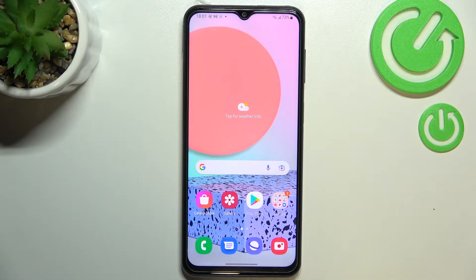Hi everyone. In front of me I've got the Samsung Galaxy F23, and let me share with you how to enable the Night Light or Eye Comfort mode. We'll begin with the customization of this mode, and after that I'll show you much faster access to this feature.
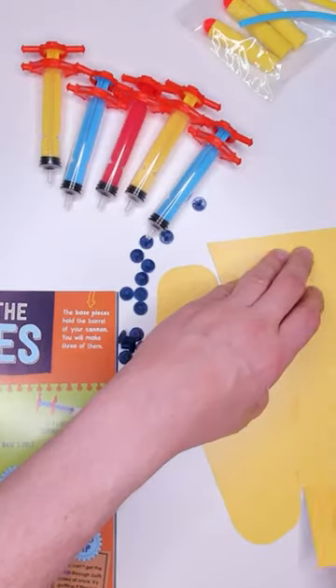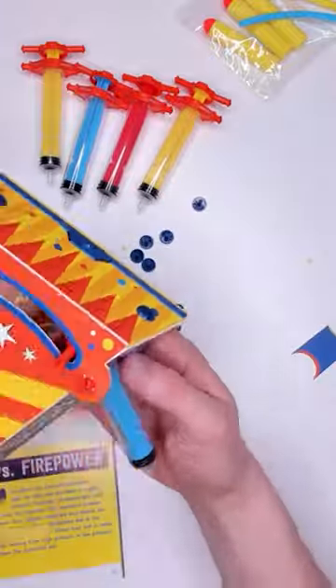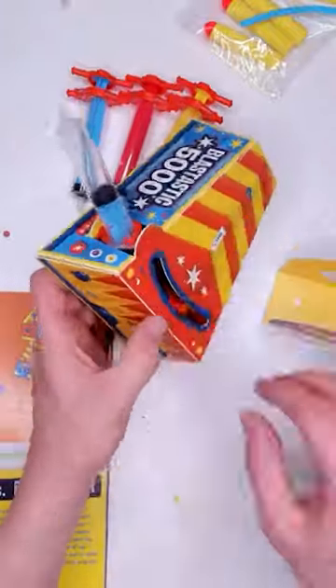Did you know you can fire darts using just cardboard? This amazing science toy from Klutz Maker Lab lets you do just that. When I found it at my local toy store, I was 100% definitely buying it.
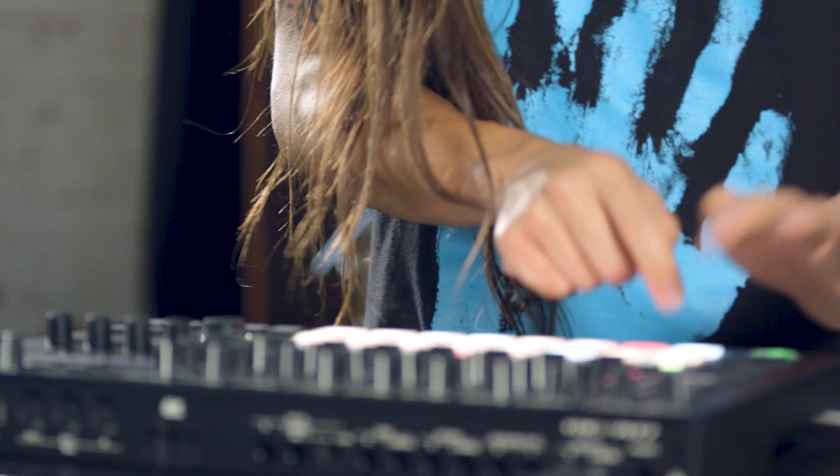Hey, what's up? I'm Basic and I'm here with Guitar Center checking out the Roland MC-707 Groovebox.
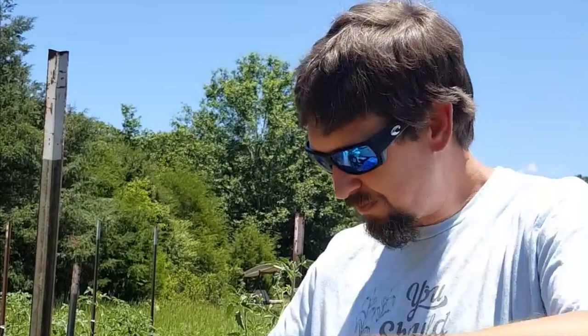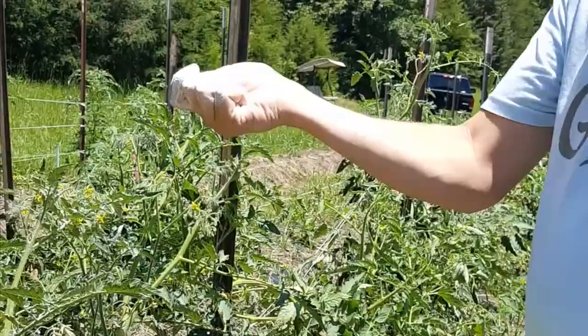The best thing about diatomaceous earth is it's not going to coat your fruit, because as soon as it rains or you wash it off, it just washes away. That's also the worst thing about it — you apply it today, and as long as it's on the leaves and hasn't been wet, it'll do its job. But as soon as it gets rained on, or you get a heavy dew in the morning, the effectiveness goes way down. Just reapply. This is food grade diatomaceous earth — you can buy it in bulk bags or smaller bags.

* _WORK REQUIRED_
When repeating the material above, keep every line exact and drop all pictures.

* _RESULT OF THE TASK_
Hi everyone. In front of me I've got the Samsung Galaxy F23, and let me share with you how to enable the Night Light or Eye Comfort mode. We'll begin with the customization of this mode, and after that I'll show you much faster access to this feature.
Did you know you can fire darts using just cardboard? This amazing science toy from Klutz Maker Lab lets you do just that. When I found it at my local toy store, I was 100% definitely buying it.
Hey, what's up? I'm Basic and I'm here with Guitar Center checking out the Roland MC-707 Groovebox.
The best thing about diatomaceous earth is it's not going to coat your fruit, because as soon as it rains or you wash it off, it just washes away. That's also the worst thing about it — you apply it today, and as long as it's on the leaves and hasn't been wet, it'll do its job. But as soon as it gets rained on, or you get a heavy dew in the morning, the effectiveness goes way down. Just reapply. This is food grade diatomaceous earth — you can buy it in bulk bags or smaller bags.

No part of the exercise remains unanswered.